Wedding Gift

I would like to give a wedding gift of wines to be opened on the first,
tenth and twenty-fifth anniversary for the couple. Any suggestions of some
inexpensive ( red or white ) wines to give?
Reply to
In article , says...
First, there are a few considerations: Where are you located? What is the couple's taste in wine? What do you mean by inexpensive? Do you want these gifts now, or later, to reflect the vintage of the wine and the marriage?
For the first year anniversary, whites that are released in the year of the marriage (though gifted upon release) will work fine. It's 2005 and I'm drinking some 2004 Sauvignon Blancs. The 2005 harvest will not start for some months, with many of these wines being released late in 2005. See the possible problem there?
Now, some white Burgundies will last for 5-10 easily, but will not be released for some time. They also tend to be more expensive than, say US/CA Chardonnays. Some US/CA Chards will easily last 5, and a very few might go for the 10 year mark, but this is pot luck. Those with the potential will also cost more.
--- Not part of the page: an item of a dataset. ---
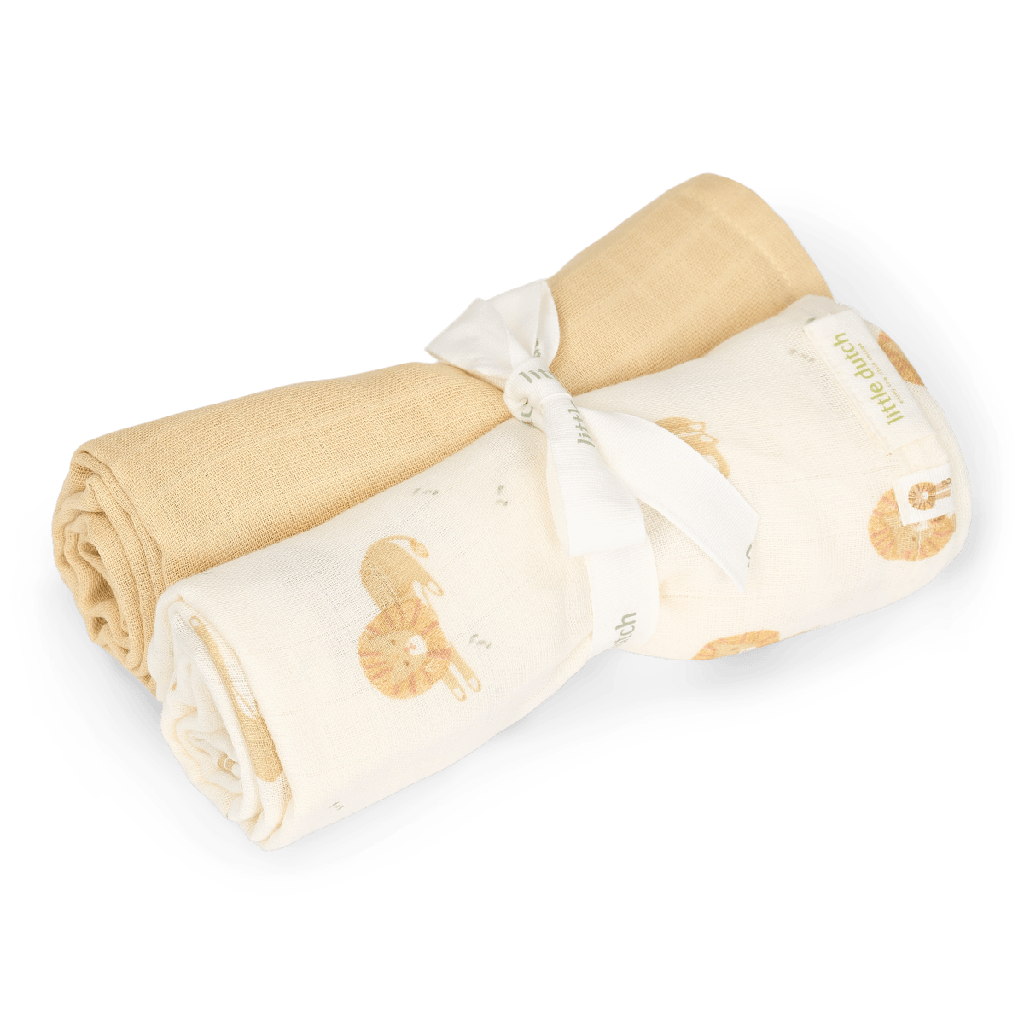 Little Dutch | Tetra Doek Safari Friends Safari Leo Swaddle  Geel 70x70cm 2-pack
Good German Rieslings will easily last 10, and some 20+ years, but again, these are not inexpensive.
As for 25 years, well you have Cabs, some Merlots, Bordeaux blends, and the bigger reds from Italy, Spain, and of course red Burgundies. The ones with aging potential will not be inexpensive, and will probably not be released until some years after the wedding. There are the Ports, Madeiras, Tokays, Sauternes, and the German "late harvest" whites. These could easily last for several generations, but again, are not inexpensive.
Now, if you don't care about the vintage coinciding with the year of the wedding, it is far more simple. I'd opt for this, or for maybe giving a wine/ wines for the one year anniversary, then at, say five years, giving a Port FROM the vintage of their wedding (provided that a vintage is declared). This would be the 20-25 year wine. You might also give a Cab, Bdx blend, Rioja, Barolo, red Burgundy, from a previous vintage, for the intermediate anniversaries.
As an example, I gave friends a Taylor Fladgate 1985 Port (the year of their marriage, though IIRC released in the US in 1989) in 1990 for the five year anniversary. We plan on drinking it this year for their 20th. I was lucky, as 1985 was a declared vintage for most Port houses, and though it never lived up to its potential (according to the wine-press), it is still a very good Vintage Port.
Sorry to possibly spoil what seems like a simple idea and a wonderful gift, but there are tons of variables -- not to mention how the couple might store the wine. Once you get past the first anniversary the problem compounds exponentially.
Reply to
"Hunt" wrote in message
Lest I should appear to be the pedantic antipodean, of course, the 2005 vintage is now completed in Australia, New Zealand, Chile and South Africa.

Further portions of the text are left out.